Forest Man

Lars Larsen's blog

The Mayan calendar ends in fact 21.12.2020 (extended version of the article)

Publicerad 2020-10-26 00:04:00 i 21.12.2020, Doomsday, Judgement Day, The rapture, The second coming (the return of Jesus),

Read this article about it. 

"Scientist and Fullbright Scholar Paolo Tagaloguin fed into the conspiracy theory on Twitter, posting "following the Julian Calendar, we are technically in 2012."

"The number of days lost in a year due to the shift into the Gregorian Calendar is 11 days.

"For 268 years using the Gregorian Calendar (1752-2020) times 11 days = 2,948 days. 2,948 days / 365 days (per year) = 8 years." 

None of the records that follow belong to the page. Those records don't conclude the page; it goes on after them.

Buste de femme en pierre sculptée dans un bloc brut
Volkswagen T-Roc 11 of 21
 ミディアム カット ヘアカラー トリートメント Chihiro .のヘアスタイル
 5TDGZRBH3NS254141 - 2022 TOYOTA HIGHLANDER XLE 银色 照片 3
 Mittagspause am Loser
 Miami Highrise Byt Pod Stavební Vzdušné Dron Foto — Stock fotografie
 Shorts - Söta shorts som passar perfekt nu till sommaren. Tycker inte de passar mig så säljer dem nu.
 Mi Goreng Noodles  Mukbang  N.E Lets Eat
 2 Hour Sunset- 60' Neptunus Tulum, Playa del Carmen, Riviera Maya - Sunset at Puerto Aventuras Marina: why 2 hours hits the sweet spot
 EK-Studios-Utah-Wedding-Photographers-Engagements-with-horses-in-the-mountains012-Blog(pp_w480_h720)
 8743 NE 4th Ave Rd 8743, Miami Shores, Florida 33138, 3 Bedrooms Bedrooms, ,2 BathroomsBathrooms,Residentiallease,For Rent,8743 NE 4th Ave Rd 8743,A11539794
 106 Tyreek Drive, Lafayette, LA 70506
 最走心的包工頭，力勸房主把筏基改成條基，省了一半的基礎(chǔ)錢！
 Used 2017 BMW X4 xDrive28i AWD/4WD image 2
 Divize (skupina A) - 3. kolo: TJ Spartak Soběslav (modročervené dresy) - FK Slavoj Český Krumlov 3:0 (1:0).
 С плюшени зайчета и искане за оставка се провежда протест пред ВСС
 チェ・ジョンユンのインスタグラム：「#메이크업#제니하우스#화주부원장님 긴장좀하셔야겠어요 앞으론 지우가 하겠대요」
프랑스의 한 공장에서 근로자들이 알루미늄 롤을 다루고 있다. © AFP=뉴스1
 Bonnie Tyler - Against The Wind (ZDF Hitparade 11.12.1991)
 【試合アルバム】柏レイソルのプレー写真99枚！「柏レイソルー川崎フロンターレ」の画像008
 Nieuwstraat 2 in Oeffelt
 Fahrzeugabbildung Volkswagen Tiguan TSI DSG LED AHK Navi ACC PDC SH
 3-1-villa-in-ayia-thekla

By Tagaloguin's calculations, Earth would be destroyed on June 21, 2020."

(from the article)


My comment: The strange thing is, that Paolo Tagaloguin says doomsday is 21.6.2020. But it is not 8 years from 21.12.2012 to 21.6.2020! It is seven and a half year! If we take 8 years from 21.12.2020 forward, we land in 21.12.2020! How could Tagaloguin miss that? Or am I mistaken in my mathematics? No. 21.12.2020 plus eight years is 21.12.2020. Basta. 

So if Jesus does not come 11.11.2020, I really will hope that he will come 21.12.2020. 

* * * 

This page on Quora has this article by Nazar Mannan: 

"The Mayan Calendar did not end on 12/21/2012. It ends on 12/21/2020, coinciding with the “great conjunction” of Jupiter and Saturn: on the the exact date of the winter solstice, the two planets will appear just 0.06º apart right after sunset. It will be the closest Jupiter and Saturn have been since 1623 and it won't even come that close again for another 500 years.

Almost everybody gets it wrong. The prophecies originally applied to the end of the 13 Baktun cycle, but were re-applied to the shorter cycle when the Long Count fell out of use. Maud Makemson, translator of The Chilam Balam of Tizimin, noted that by calculating the long-count cycle it actually ended in 1752, rather then 2012.

In particular, the inscription on Monument Six has been linked to several passages in The Chilam Balam of Tizimin. David Stuart had translated the rest:

“The thirteenth baktun? will be finished on Four Ahau, the Third of Kankin, it (?) will happen. (It will be) the descent of the Bolon Yookte’ Ku’h to the (?)”

Bolon Yokte' K'uh is a Mayan god associated with war, conflict, and the underworld. However, archaeologists Susan Gillespie and Rosemary Joyce found the god depicted on the Mayan Vase of the Seven Gods, an image that celebrates the creation of the world.

On Pages 15 and 16 of the Tizimin, the text reads in part:

“The Nine shall arise in sorrow, alas… And when over the dark sea I shall be lifted up in a chalice of fire, to that generation there will come the day of withered fruit. There will be rain. The face of the sun shall be extinguished because of the great tempest.”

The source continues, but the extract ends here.